Illegal Drugs Are Legal In This City Only One Hour From Boise
Our old friends at the New York Times are at it again. The paper of record recently published an intensive article detailing the boom in the sale of legal marijuana in Ontario, Oregon. The report again reviews how many Idahoans break state and federal law by buying weed in Oregon.
The dilemma is not a new one for Idahoans who value their own individual individualism and personal freedom. Several Republicans, the state's most dominant political party, have expressed publicly and privately the need to allow marijuana legalization in the Gem State.
The New York Times shares that Oregon's move to mainstream marijuana was lucrative. Ontario's first year of legal marijuana brought in $1.8 million and rose another sixty-five percent the following year.

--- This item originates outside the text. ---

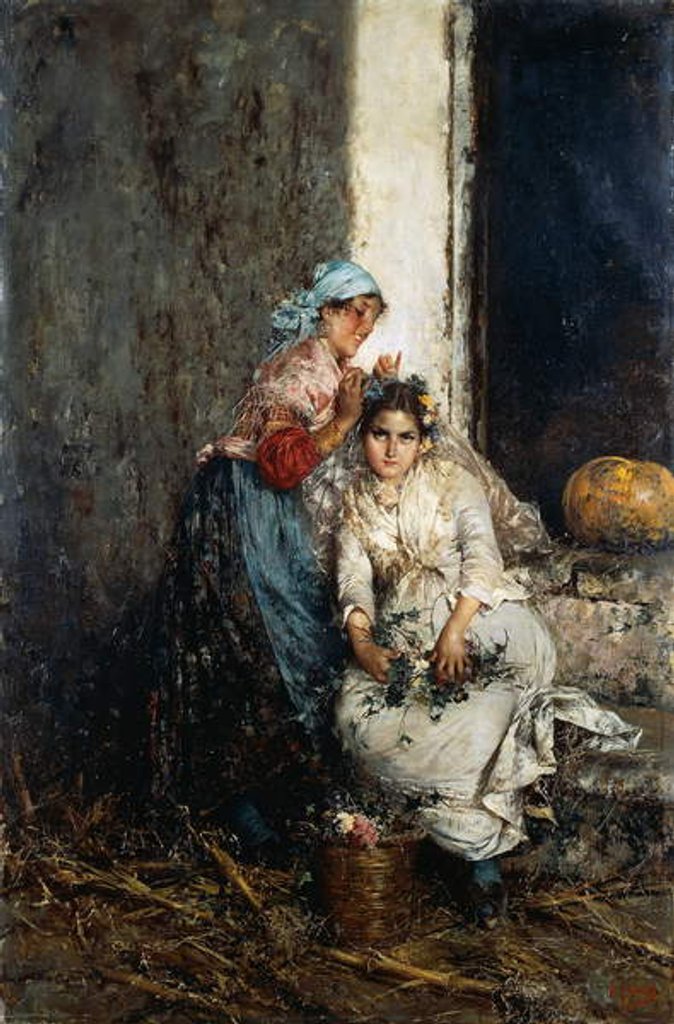 Detail of Young bride, c.1885 by Vicenzo Irolli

Boise City Councilman Patrick Bageant expressed his pro-pot position to the New York Times. "Legalizing marijuana can help bring in different forms of cash," Mr. Bageant said. "Just look around the country — we as a state should be more forward-looking."
However, what isn't reported is how the legalization of marijuana has caused more crime, drug addiction, and the closing of several businesses in Ontario.
Idaho is the only state in the union that has not legalized marijuana. Idaho Governor Brad Little stated that he was not the governor who would legalize marijuana. There have been several efforts both at the legislative level along with talks of public referendums. All efforts have failed to move out of a committee or get the number of signatures to move the needle.
Several law enforcement officers working on the Idaho/Oregon border tell us they pride themselves in keeping Idaho drug-free. The federal government may not enforce federal law, which allows states to legalize weed without penalty, but dispensary owners cannot use banks or file federal taxes.